● Material to process:

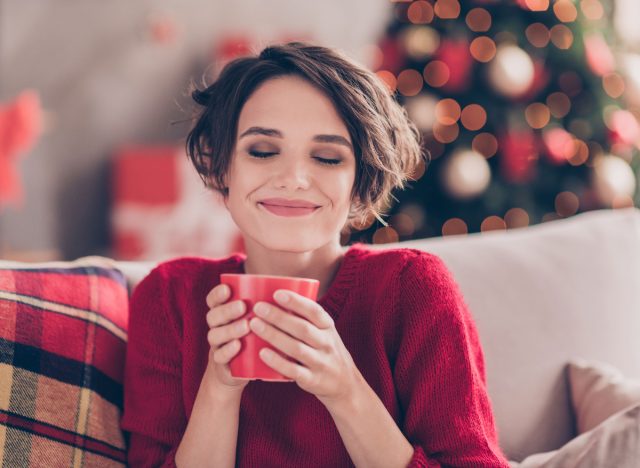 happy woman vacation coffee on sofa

* * *

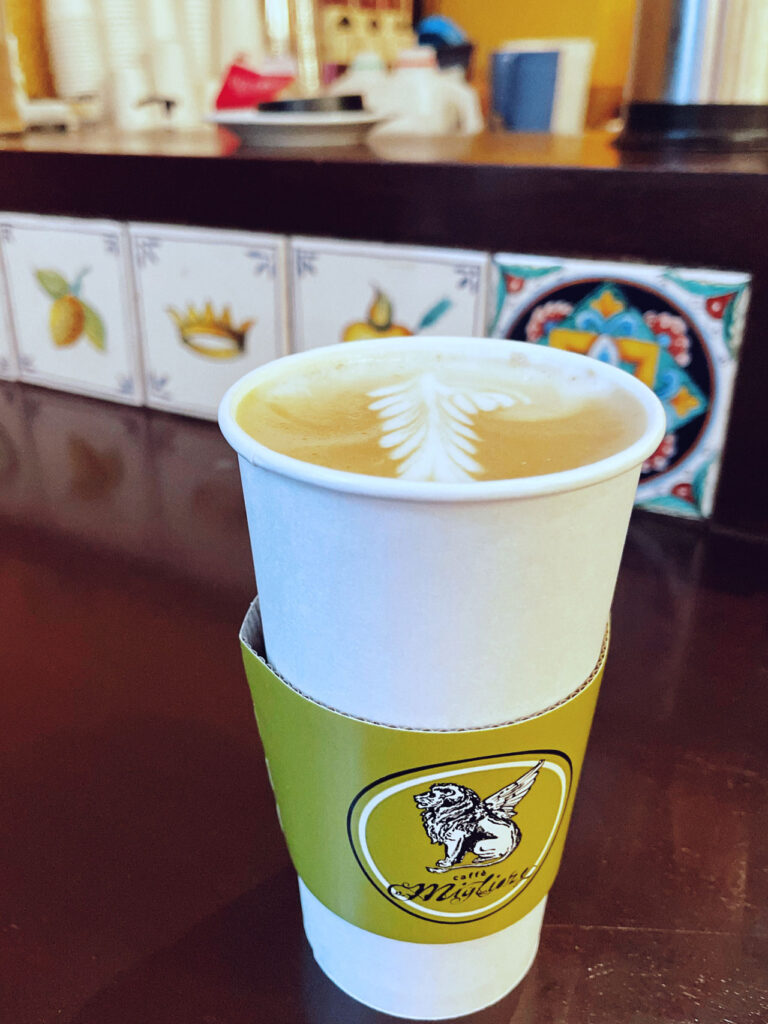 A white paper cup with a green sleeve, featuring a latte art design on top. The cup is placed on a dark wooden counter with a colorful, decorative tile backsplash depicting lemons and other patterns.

* * *

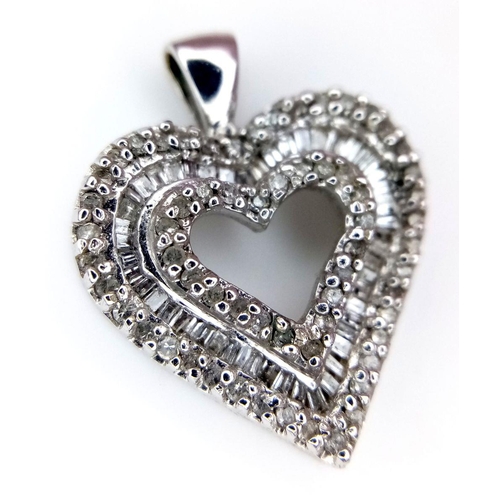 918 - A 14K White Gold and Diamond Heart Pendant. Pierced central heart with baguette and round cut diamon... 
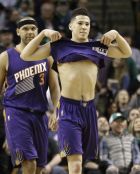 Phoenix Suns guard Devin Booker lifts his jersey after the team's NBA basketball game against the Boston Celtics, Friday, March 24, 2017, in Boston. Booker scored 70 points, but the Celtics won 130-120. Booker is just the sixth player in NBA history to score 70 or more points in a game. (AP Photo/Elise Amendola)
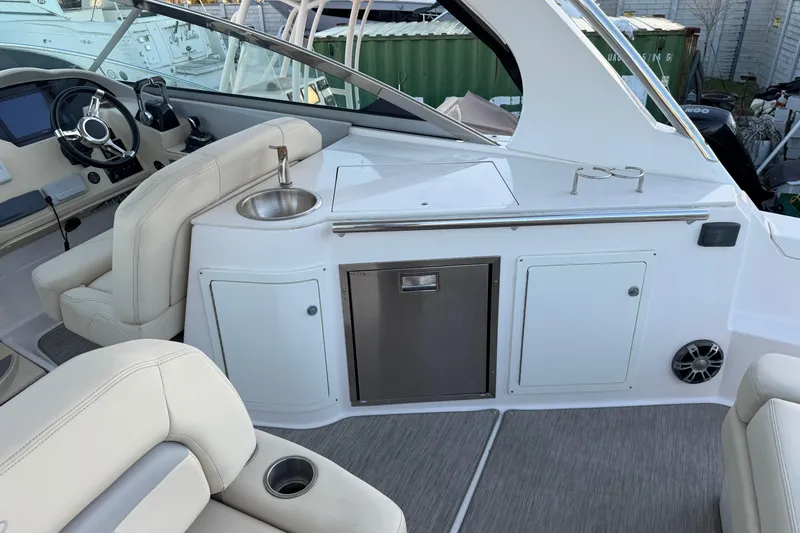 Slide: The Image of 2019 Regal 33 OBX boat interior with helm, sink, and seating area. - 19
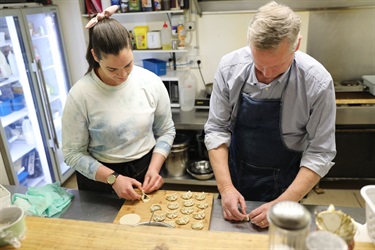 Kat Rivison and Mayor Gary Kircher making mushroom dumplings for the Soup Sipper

● Your instructions:
Extract, without any images, the part of the material above that opens with the line containing "Slide: The Image" and closes with the line containing "Kat Rivison and", both lines included.

● Answer space:
 Slide: The Image of 2019 Regal 33 OBX boat interior with helm, sink, and seating area. - 19
 Kat Rivison and Mayor Gary Kircher making mushroom dumplings for the Soup Sipper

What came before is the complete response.